_Available data_:
□ □ □ □ □ □ □

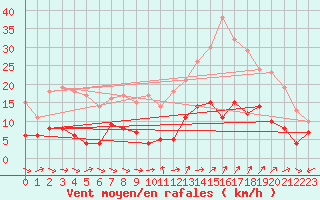 Courbe de la force du vent pour Annecy (74)
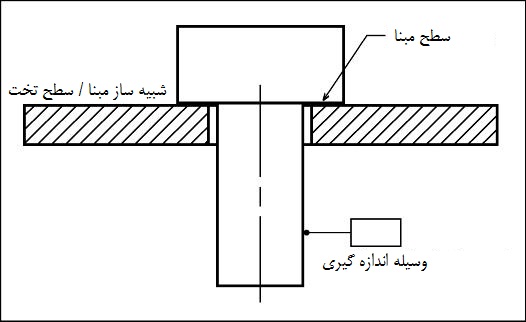 اندازه گیری تلرانس تعامد - محور اندازه گیری تلرانس تعامد - محور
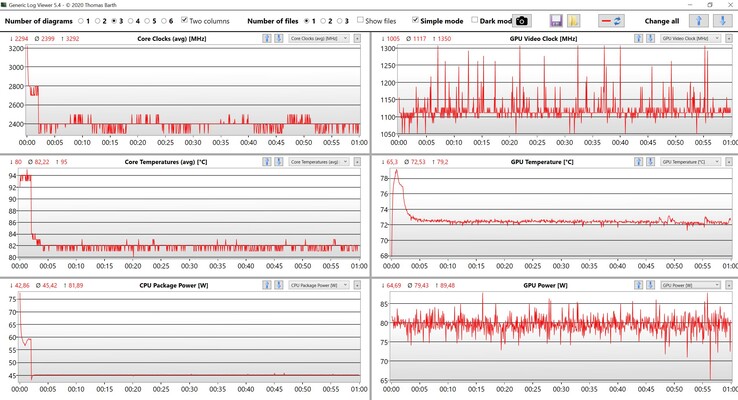 CPU & GPU data stress test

□ □ □ □ □ □ □

_Assignment_: Every line from the one bearing "اندازه گیری تلرانس تعامد - محور اندازه" through the end of the data above must be output exactly, and no picture may appear.

_Solution for this task_:
 اندازه گیری تلرانس تعامد - محور اندازه گیری تلرانس تعامد - محور
 CPU & GPU data stress test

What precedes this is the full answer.